But a week or two is just never enough. So one Australian company is proving to be the real MVP and offering an alternative to annual leave by allowing ‘life leave’.
No, that’s not a nice way to say, ‘you’re fired and don’t bother coming back’, accountancy firm Ernst & Young wants their employees to really enjoy time away from work.
The company is allowing workers six to 12 weeks of life leave a year, which they can use for travel, to work on their passions, or to basically do nothing.
Employees can take it in one or two blocks at a time and perhaps unsurprisingly, it’s not paid, unlike normal holiday leave.
People who work there will also be able to opt for other schemes like term-time working and temporary part-time to suit parents and carers.
That means parents can work full time during their childrens’ term-times but then take the holidays off.
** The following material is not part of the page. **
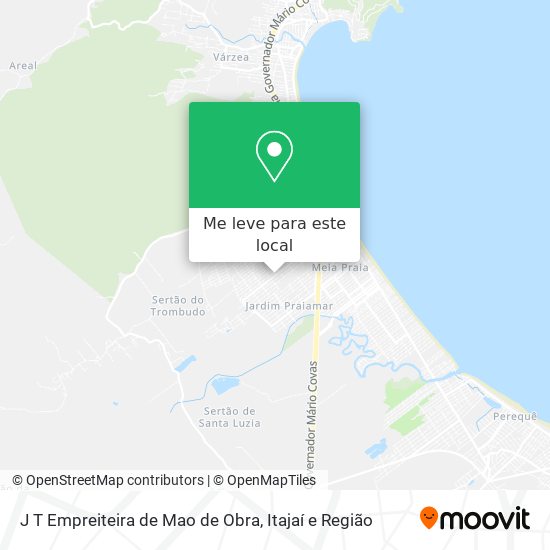 J T Empreiteira de Mao de Obra mapa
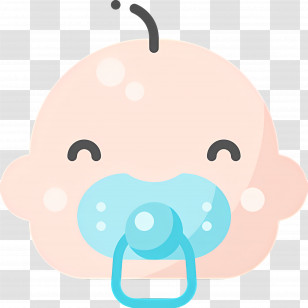 Baby Boy - Smiling Baby With Blue Pacifier Transparent PNG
But it’s not just for parents, anyone can take the time off or choose to go part-time for up to three months.
And it’s all about employee satisfaction and productivity.

Time to move to Australia (Picture: Getty)‘Flexible work policies like this are necessary because of increased competition for talent,’ said Kate Hillman from Ernst & Young Oceana.
‘The policies are intended to address a growing demand for flexible work environments in general, not just working parents.
‘We’re innovating so we don’t lose these people while they pursue passions outside of work.’
The number of millennials at the company also motivated their decision as flexibility is a strong factor for millennials looking for work.
‘Millennials are also driving demand for flexibility as their preference for diverse and stimulating career experiences overrides traditional workplace structures and timelines,’ added Kate.
‘By next year, 80% of our workforce across the globe will be millennials so this is a particularly significant consideration for us.’
Let’s hope other companies take note.